Copy nothing from the entries below except the lines from the one containing "President Vladimir Putin" through the one containing "Coach Cora Royal", and copy those exactly.

[Opening Source records section]

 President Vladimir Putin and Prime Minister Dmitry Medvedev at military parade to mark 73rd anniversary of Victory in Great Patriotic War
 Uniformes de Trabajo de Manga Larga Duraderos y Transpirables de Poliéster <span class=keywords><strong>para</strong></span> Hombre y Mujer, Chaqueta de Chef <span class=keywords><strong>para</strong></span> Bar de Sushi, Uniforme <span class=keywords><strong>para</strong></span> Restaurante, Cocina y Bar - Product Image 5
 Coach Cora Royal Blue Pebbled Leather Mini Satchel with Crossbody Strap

[Closing Source records section]
[Opening Source records section]

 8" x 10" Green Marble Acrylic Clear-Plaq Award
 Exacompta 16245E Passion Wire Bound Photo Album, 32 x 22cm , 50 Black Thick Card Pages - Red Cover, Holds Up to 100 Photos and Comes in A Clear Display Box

[Closing Source records section]

→ **Exercise output**
 President Vladimir Putin and Prime Minister Dmitry Medvedev at military parade to mark 73rd anniversary of Victory in Great Patriotic War
 Uniformes de Trabajo de Manga Larga Duraderos y Transpirables de Poliéster <span class=keywords><strong>para</strong></span> Hombre y Mujer, Chaqueta de Chef <span class=keywords><strong>para</strong></span> Bar de Sushi, Uniforme <span class=keywords><strong>para</strong></span> Restaurante, Cocina y Bar - Product Image 5
 Coach Cora Royal Blue Pebbled Leather Mini Satchel with Crossbody Strap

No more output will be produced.